Google Docs hijacked by Trojan.APT.Seinup malware

A cyber attack that uses Google Docs to avoid detection in order to steal information has been spotted in the wild.

Security firm FireEye reported uncovering the campaign, warning that the crooks are using advanced malware to mount a targeted spear phishing campaign designed to steal corporate and personal data from a variety of victims.
FireEye researcher Chong Rong Hwa wrote: "The FireEye research team has recently identified a number of spear phishing activities targeting Asia and ASEAN [Association of Southeast Asian Nations].

Of these, one of the spear phishing documents was suspected to have used a potentially stolen document as a decoy.

"This malware was found to have used a number of advanced techniques, which makes it interesting. The malware leverages Google Docs to perform redirection to evade callback detection."

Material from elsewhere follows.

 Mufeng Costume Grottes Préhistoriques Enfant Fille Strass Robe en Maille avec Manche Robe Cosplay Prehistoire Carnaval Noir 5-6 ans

Chong highlighted the use of Google Docs as particularly troublesome as it offers the malware increased protection against traditional security tools, but confirmed that there are ways to address the problem. "By connecting the malicious server via Google Docs, the malicious communication is protected by the legitimate SSL provided by Google Docs," he wrote.

"One possible way to examine the SSL traffic is to make use of a hardware SSL decrypter within an organisation. Alternatively, you may want to examine the usage pattern of the users. Suppose a particular user accesses Google Docs multiple times a day, the organisation's incident response team may want to dig deeper to find out if the traffic is triggered by a human or by malware."

Outside of its use of Google Docs, the phishing document is confirmed to target the CVE-2012-0158 vulnerability and use a malware dropper named exp1ore.exe. The dropper is particularly dangerous as it allows the malware to falsely register itself as a Windows Service on infected machines, meaning it can survive a system reboot and network persist.

The malware is troublesome as it grants the criminals a variety of powers over the infected machine. "This malware is named Trojan.APT.Seinup because one of its export functions is named ‘seinup'. This malware was analysed to be a backdoor that allows the attacker to remote control the infected system," wrote Chong.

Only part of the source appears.